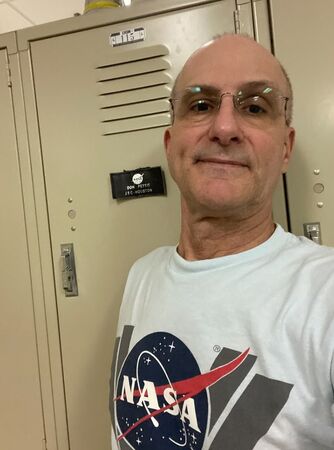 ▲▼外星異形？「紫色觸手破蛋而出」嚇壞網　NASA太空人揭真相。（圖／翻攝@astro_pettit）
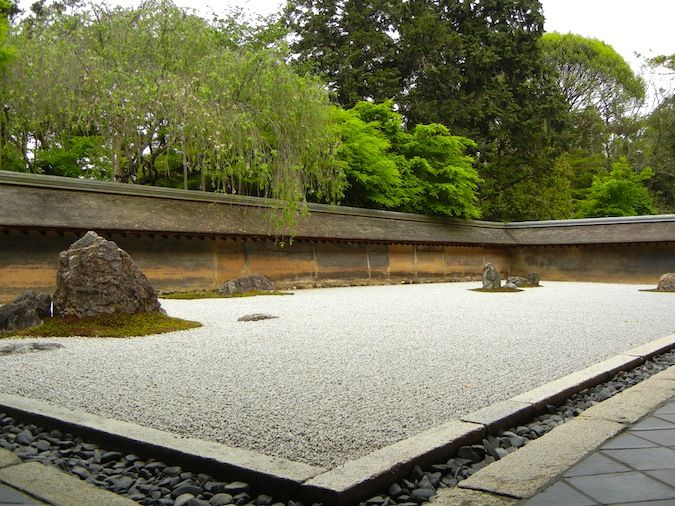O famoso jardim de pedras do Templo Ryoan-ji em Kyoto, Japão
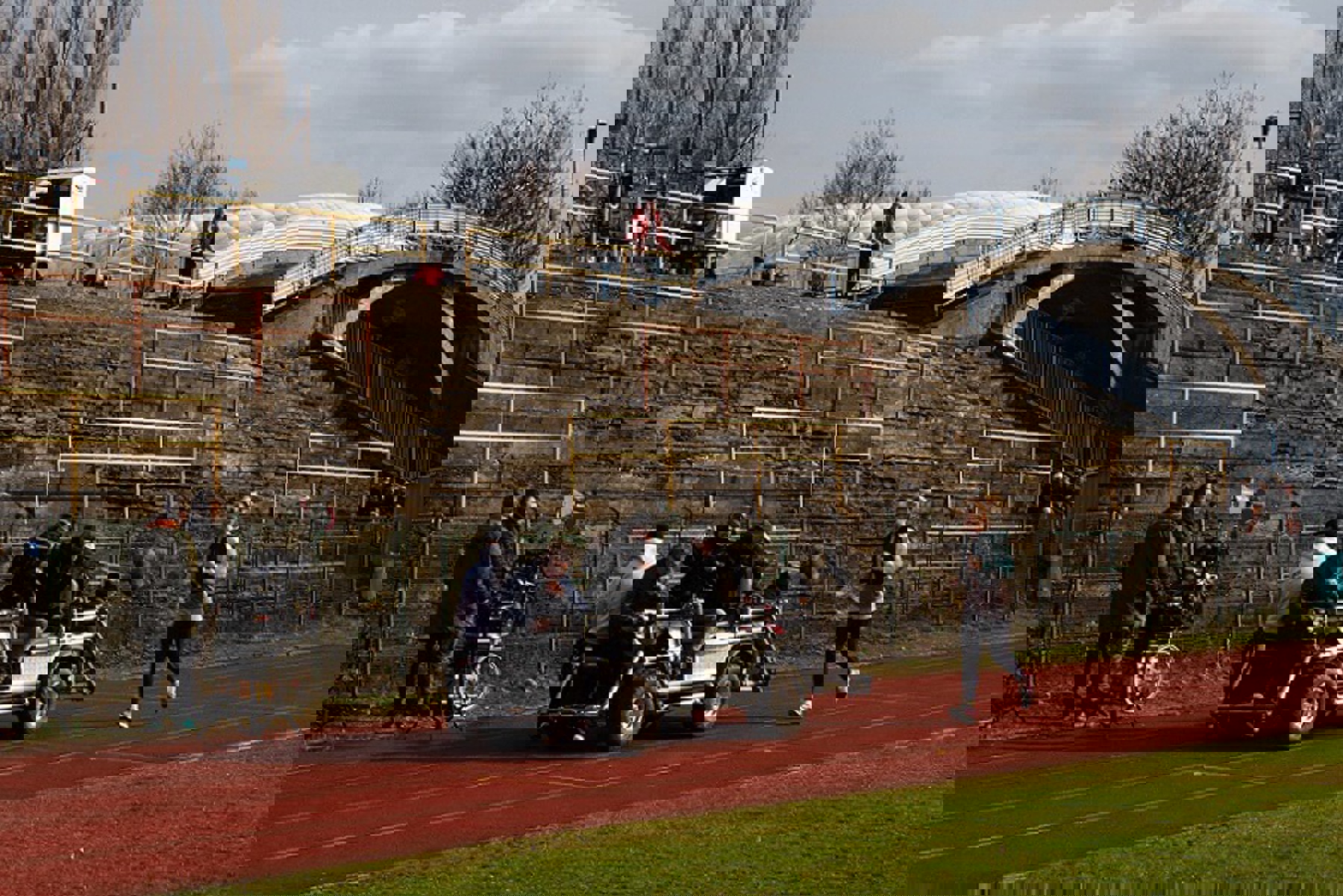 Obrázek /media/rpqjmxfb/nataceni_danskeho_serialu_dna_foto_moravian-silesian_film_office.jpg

━━━━━━━━━━━━━━━━━━━━━━━━━━━━━━

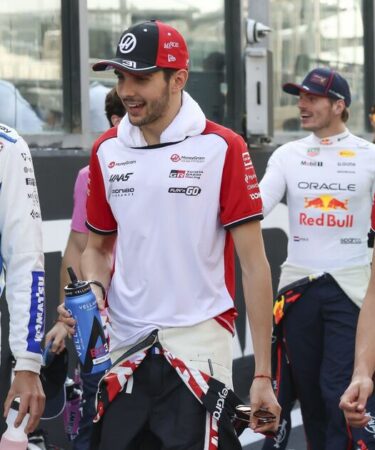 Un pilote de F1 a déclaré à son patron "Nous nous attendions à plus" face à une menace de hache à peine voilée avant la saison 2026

━━━━━━━━━━━━━━━━━━━━━━━━━━━━━━

Starting at the line above that holds "O famoso jardim", repeat every line exactly down to and including the line that holds "Obrázek /media", then stop. Do not carry over any pictures.

O famoso jardim de pedras do Templo Ryoan-ji em Kyoto, Japão
 Obrázek /media/rpqjmxfb/nataceni_danskeho_serialu_dna_foto_moravian-silesian_film_office.jpg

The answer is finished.